7) the discussion about 'putting most of netscape's commerce server into
nt' was actually about the communications server, the low-end box that
netscape sells. the commerce server starts at $5k and up.
8) nobody in the room was at Barksdale's level, he is very very
impressive, I suspect he could have sent us home thinking netscape
buying msft was an appropriate deal.
imo, the best we can do now is avoid turning netscape into novell. we
will compete on just about every technology. they will do so with
partnerships (sun/java, adobe/acrobat, etc). we will do so with our
platforms. the two areas where we can cooperate and both win today are
STT and DocObject. they have started their own ecommerce development. if
we don't close a deal on just that piece within, say 6 more weeks, it's
dead.
with DocObject, we can lock them deeply into OLE for some time, while
forcing them to ship a richer browser on Windows than on the mac. O'Hare
has already done this to them, judging from the browser they shipped
tues: each time they decide to ship something on windows (better yet,
windows 95) and not on a mac, we lessen their cross-platform strengths.
maybe i am being a dick, but their is no great harm. if we are smart and
daft and engaged at the right levels, we have a chance to cooperate on a
few of these smaller things, and can keep them from sabotaging our
efforts thru the end of this year.
- thomas
..
From: Dan Rosen
Sent: Thursday, June 22, 1995 4:25 PM
To: billg; nathanm; paulma; peteh
Cc: abay; bens; bfox; bobmu; bradsi; chrisjo; jallard; johniu; patern;
ppathe; russ3; rwolf; stevest; thomasre; warrend;
Subject: Netscape meeting
SUMMARY
Seven of us met with Jim Barksdale (CEO), Mike Homer (VP Marketing).

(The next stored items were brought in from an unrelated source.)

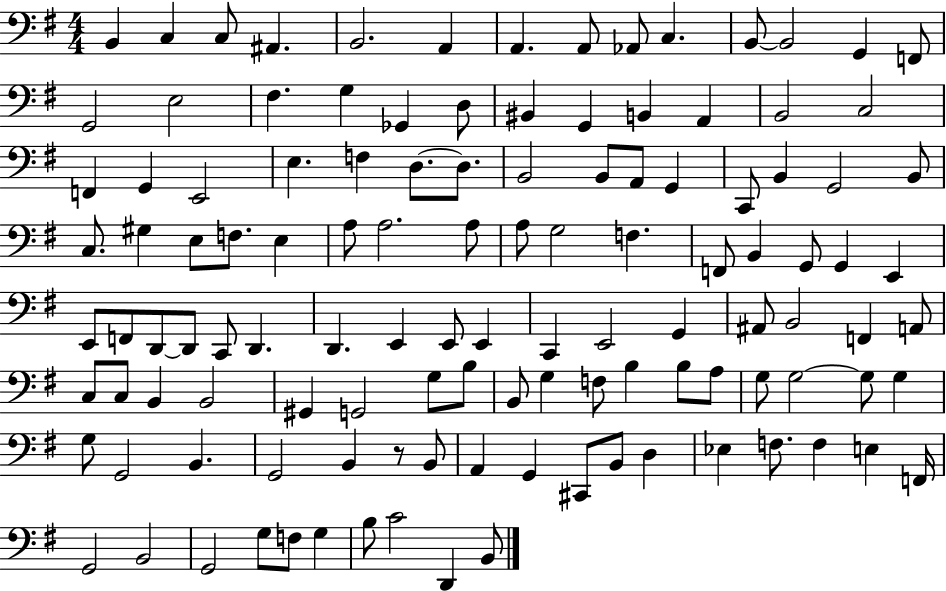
{
  \clef bass
  \numericTimeSignature
  \time 4/4
  \key g \major
  b,4 c4 c8 ais,4. | b,2. a,4 | a,4. a,8 aes,8 c4. | b,8~~ b,2 g,4 f,8 | \break g,2 e2 | fis4. g4 ges,4 d8 | bis,4 g,4 b,4 a,4 | b,2 c2 | \break f,4 g,4 e,2 | e4. f4 d8.~~ d8. | b,2 b,8 a,8 g,4 | c,8 b,4 g,2 b,8 | \break c8. gis4 e8 f8. e4 | a8 a2. a8 | a8 g2 f4. | f,8 b,4 g,8 g,4 e,4 | \break e,8 f,8 d,8~~ d,8 c,8 d,4. | d,4. e,4 e,8 e,4 | c,4 e,2 g,4 | ais,8 b,2 f,4 a,8 | \break c8 c8 b,4 b,2 | gis,4 g,2 g8 b8 | b,8 g4 f8 b4 b8 a8 | g8 g2~~ g8 g4 | \break g8 g,2 b,4. | g,2 b,4 r8 b,8 | a,4 g,4 cis,8 b,8 d4 | ees4 f8. f4 e4 f,16 | \break g,2 b,2 | g,2 g8 f8 g4 | b8 c'2 d,4 b,8 | \bar "|."
}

Mark Andreisan (CTO), and Ram Shiram (VP Business Dev) of Netscape for
four hours yesterday. The purpose of the metting was to scope out
specific areas that a relationship between the two companies might take
and to set in place a process to either conclude a strategic
relationship or go our seperate ways.
Our goals going into the meeting were (in priority order);
1. Establish Microsoft ownership of the Internet client platform for Win95.
2. Have Netscape add value to the NT server and Back Office platform
(above our stuff), making it the preferred Internet solution.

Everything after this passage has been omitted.